● Problem to work on: Repeat only the lines below that run from the line with "We're going to do" to the line with "The signature is", ends included; skip every picture.

● Dataset entries:
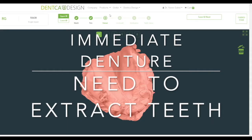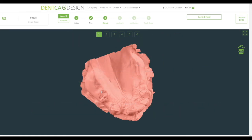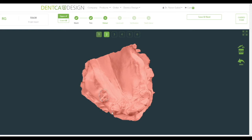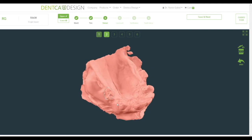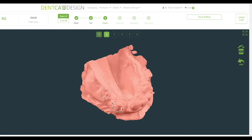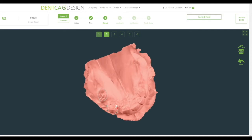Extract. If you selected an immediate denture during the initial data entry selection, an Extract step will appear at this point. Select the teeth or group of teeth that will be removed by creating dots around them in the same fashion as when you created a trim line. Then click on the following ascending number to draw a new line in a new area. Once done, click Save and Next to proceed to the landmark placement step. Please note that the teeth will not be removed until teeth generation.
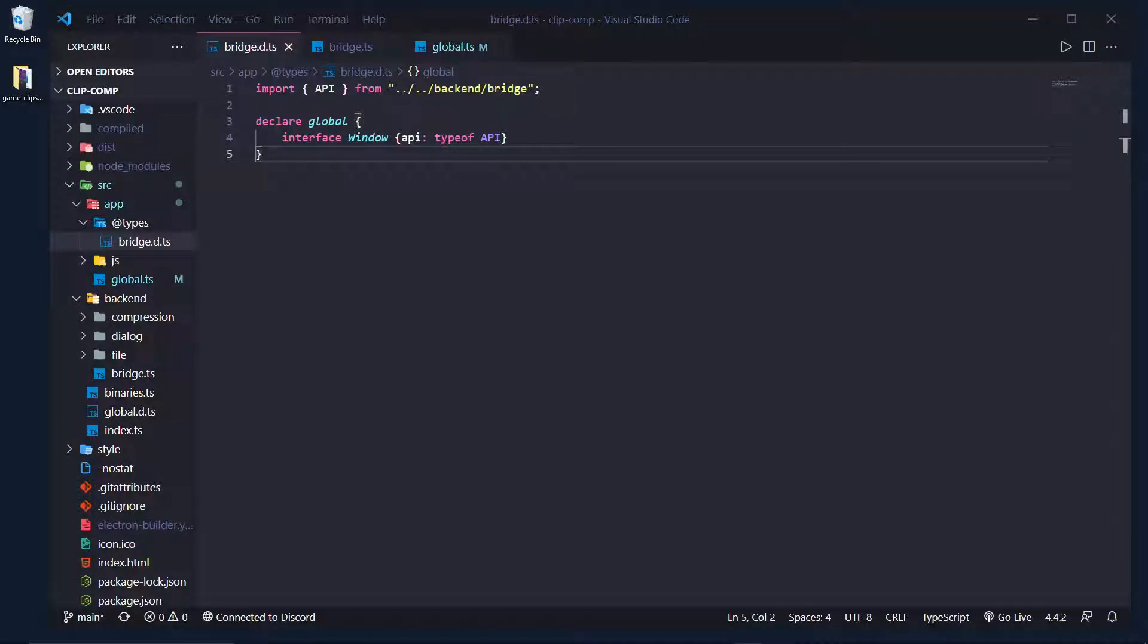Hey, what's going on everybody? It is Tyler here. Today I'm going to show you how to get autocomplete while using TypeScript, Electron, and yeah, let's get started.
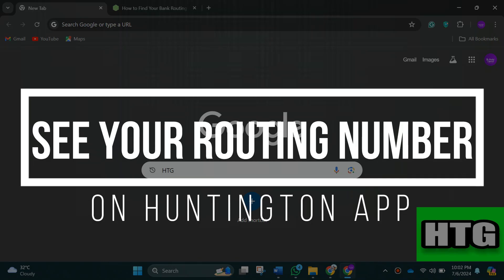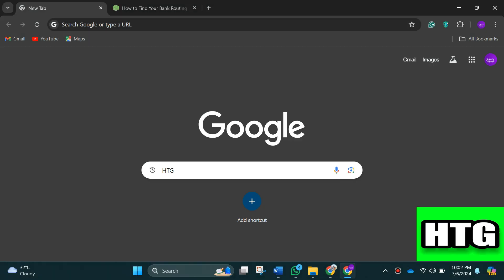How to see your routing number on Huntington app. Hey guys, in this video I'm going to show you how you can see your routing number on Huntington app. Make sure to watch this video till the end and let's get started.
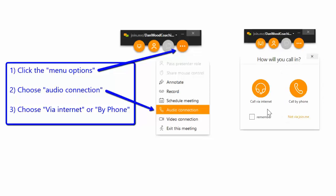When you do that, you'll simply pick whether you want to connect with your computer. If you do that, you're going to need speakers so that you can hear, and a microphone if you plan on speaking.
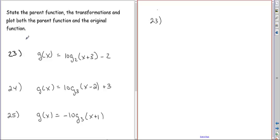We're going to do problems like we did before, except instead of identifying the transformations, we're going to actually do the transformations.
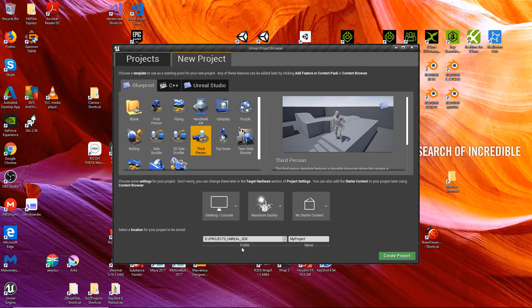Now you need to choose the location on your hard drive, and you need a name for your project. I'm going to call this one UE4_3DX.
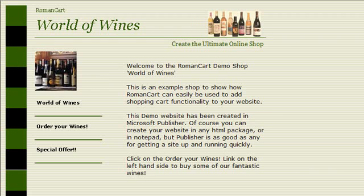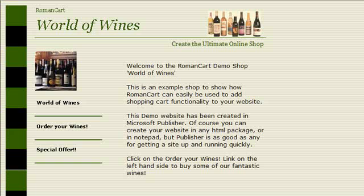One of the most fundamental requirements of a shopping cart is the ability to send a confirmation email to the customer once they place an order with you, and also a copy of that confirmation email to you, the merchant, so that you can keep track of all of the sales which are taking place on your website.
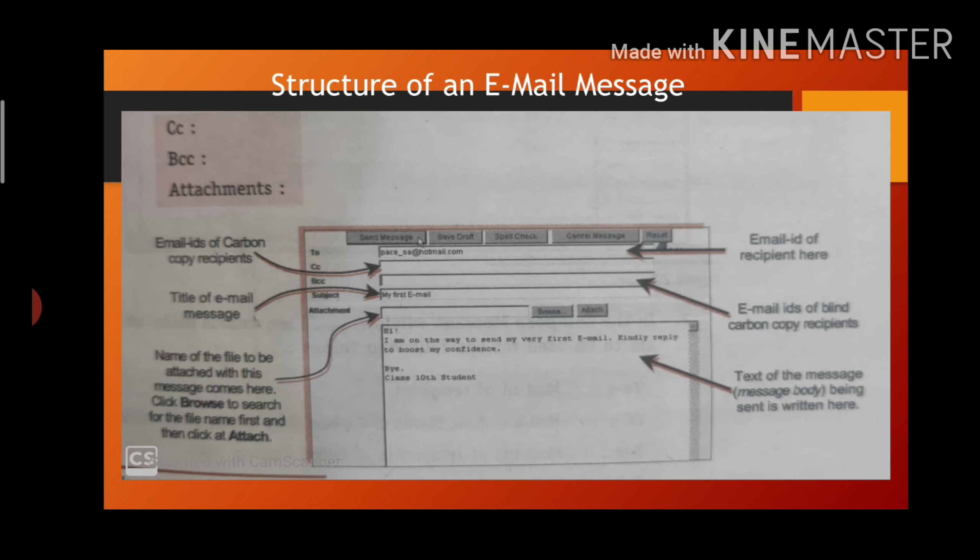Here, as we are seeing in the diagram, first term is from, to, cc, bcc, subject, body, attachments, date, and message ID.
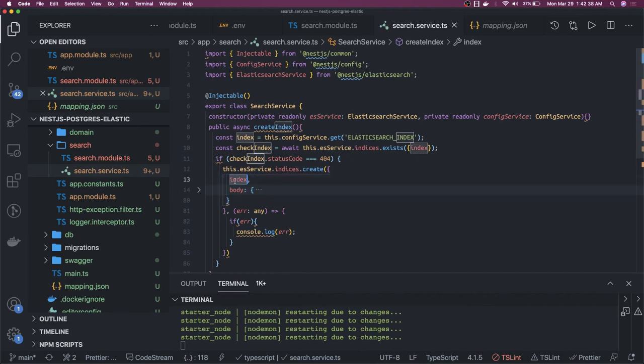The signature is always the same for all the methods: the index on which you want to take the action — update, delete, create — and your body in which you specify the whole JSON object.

--

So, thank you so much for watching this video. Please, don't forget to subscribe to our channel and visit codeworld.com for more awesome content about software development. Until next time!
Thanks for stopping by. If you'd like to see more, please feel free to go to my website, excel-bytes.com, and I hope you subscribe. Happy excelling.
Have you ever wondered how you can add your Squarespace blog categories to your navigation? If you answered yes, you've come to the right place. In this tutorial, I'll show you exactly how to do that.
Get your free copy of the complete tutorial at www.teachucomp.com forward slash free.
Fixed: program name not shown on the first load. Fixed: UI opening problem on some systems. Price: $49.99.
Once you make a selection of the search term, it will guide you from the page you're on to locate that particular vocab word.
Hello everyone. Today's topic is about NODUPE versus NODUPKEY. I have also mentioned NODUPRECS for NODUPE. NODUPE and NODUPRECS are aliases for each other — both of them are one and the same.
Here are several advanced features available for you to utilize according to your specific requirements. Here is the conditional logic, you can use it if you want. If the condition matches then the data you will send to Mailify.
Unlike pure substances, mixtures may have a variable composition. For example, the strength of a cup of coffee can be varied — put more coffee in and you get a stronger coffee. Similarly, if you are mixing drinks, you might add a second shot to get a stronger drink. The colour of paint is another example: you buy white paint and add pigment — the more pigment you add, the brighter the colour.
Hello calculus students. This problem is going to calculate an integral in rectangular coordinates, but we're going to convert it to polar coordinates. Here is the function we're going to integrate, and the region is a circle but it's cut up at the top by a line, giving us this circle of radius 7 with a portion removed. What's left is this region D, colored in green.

● Task result:
We're going to do problems like we did before, except instead of identifying the transformations, we're going to actually do the transformations.
Now you need to choose the location on your hard drive, and you need a name for your project. I'm going to call this one UE4_3DX.
One of the most fundamental requirements of a shopping cart is the ability to send a confirmation email to the customer once they place an order with you, and also a copy of that confirmation email to you, the merchant, so that you can keep track of all of the sales which are taking place on your website.
Here, as we are seeing in the diagram, first term is from, to, cc, bcc, subject, body, attachments, date, and message ID.
The signature is always the same for all the methods: the index on which you want to take the action — update, delete, create — and your body in which you specify the whole JSON object.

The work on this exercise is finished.